--- TASK GOAL ---
Output each entry that follows exactly. Images stay out.

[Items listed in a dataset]
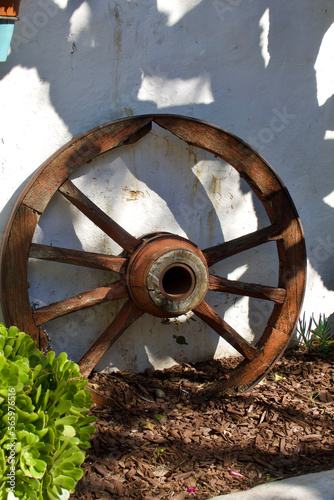 old wood wagon wheel decorates the garden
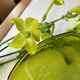 Nicotiana_close_up-blog_thumb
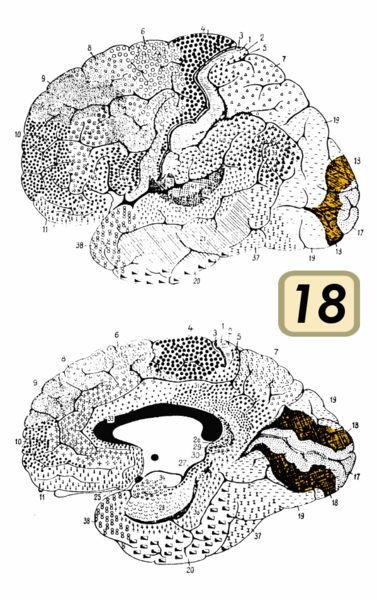 File:Brodmann Cytoarchitectonics 18.png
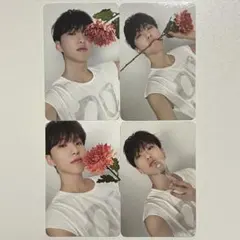 17 is right here Dear盤 ホシ トレカ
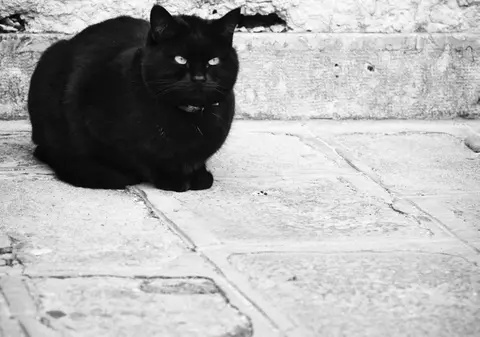 Animalele, afectate și ele de CRIZA din GRECIA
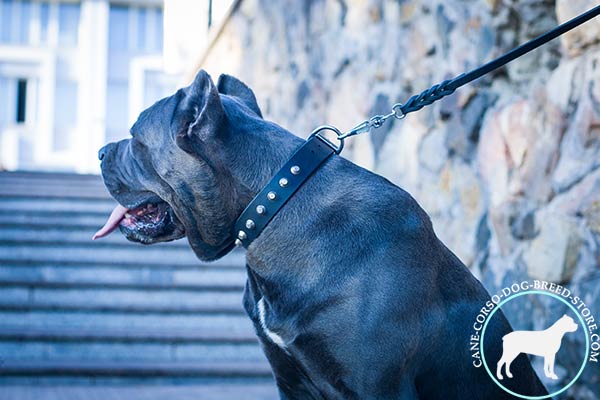 Cane Corso black leather collar with non-corrosive studs for any activity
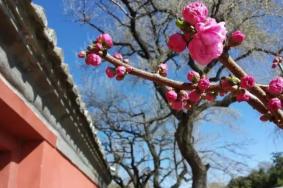 颐和园春季游玩攻略及赏花路线推荐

--- WRITTEN RESPONSE ---
 old wood wagon wheel decorates the garden
 Nicotiana_close_up-blog_thumb
 File:Brodmann Cytoarchitectonics 18.png
 17 is right here Dear盤 ホシ トレカ
 Animalele, afectate și ele de CRIZA din GRECIA
 Cane Corso black leather collar with non-corrosive studs for any activity
 颐和园春季游玩攻略及赏花路线推荐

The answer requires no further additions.